Virginia's 2017 annual financial report includes the sales tax figure because the state just implemented the Governmental Accounting Standards Board Statement No. 77, which generally calls for a breakdown of tax abatement programs. The specificity of that data varies from report to report, state to state, locality to locality.
The commonwealth, for example, provided $6.6 million in tax abatements in 2017 through its Motion Picture Production Tax Credit, $164,823 through the Virginia Enterprise Zone Program and $100,500 through the Entitlement to Tax Revenues from Tourism Projects.
The statewide data center tax break exempts computer equipment, enabling software and other enabling hardware from the sales and use tax — 6 percent in Northern Virginia and Hampton Roads, and 5.3 percent across the rest of the state. It applies to data center projects that result in a new capital investment of at least $150 million and create at least 50 new jobs that pay at least 1.5 times the home locality's prevailing average wage.

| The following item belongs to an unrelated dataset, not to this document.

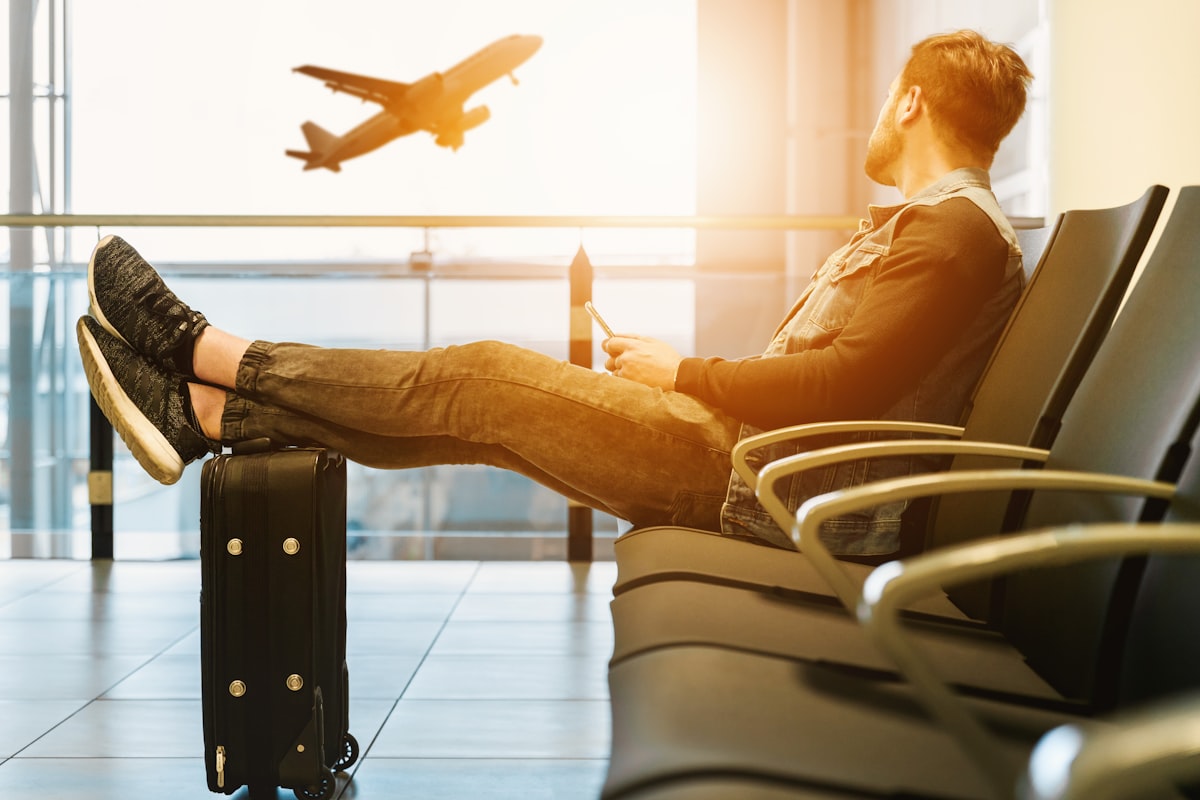 Traveler using a phone at the airport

As of July 1, 2012, the exemption was extended to purchases and leases made by data center tenants. Loudoun is home to roughly 3,000 such tenants.
That $65.2 million figure for a single year statewide is a big number, Rizer said, but Loudoun this year alone will receive more than $180 million in local tax revenue from the data center sector. More than 85 percent of that local tax revenue, he said, is from the personal property tax on data center equipment, with a much smaller portion coming from real property taxes.
Loudoun's personal property tax on computer equipment is $4.20 per $100 of value, higher than neighboring Prince William County, among other data center competitors outside of Virginia. The local tax is expected to generate $174 million in 2018, up from $151.3 million in 2017.
As Loudoun, Rizer said, "has never given any local financial incentives to data centers" (it broached the idea of a tax cut earlier this year, but opted not to move forward), it makes the state abatement all that more important.
"That’s why I consider the state sales tax exemption to be as much about business retention as it is about business attraction," Rizer said.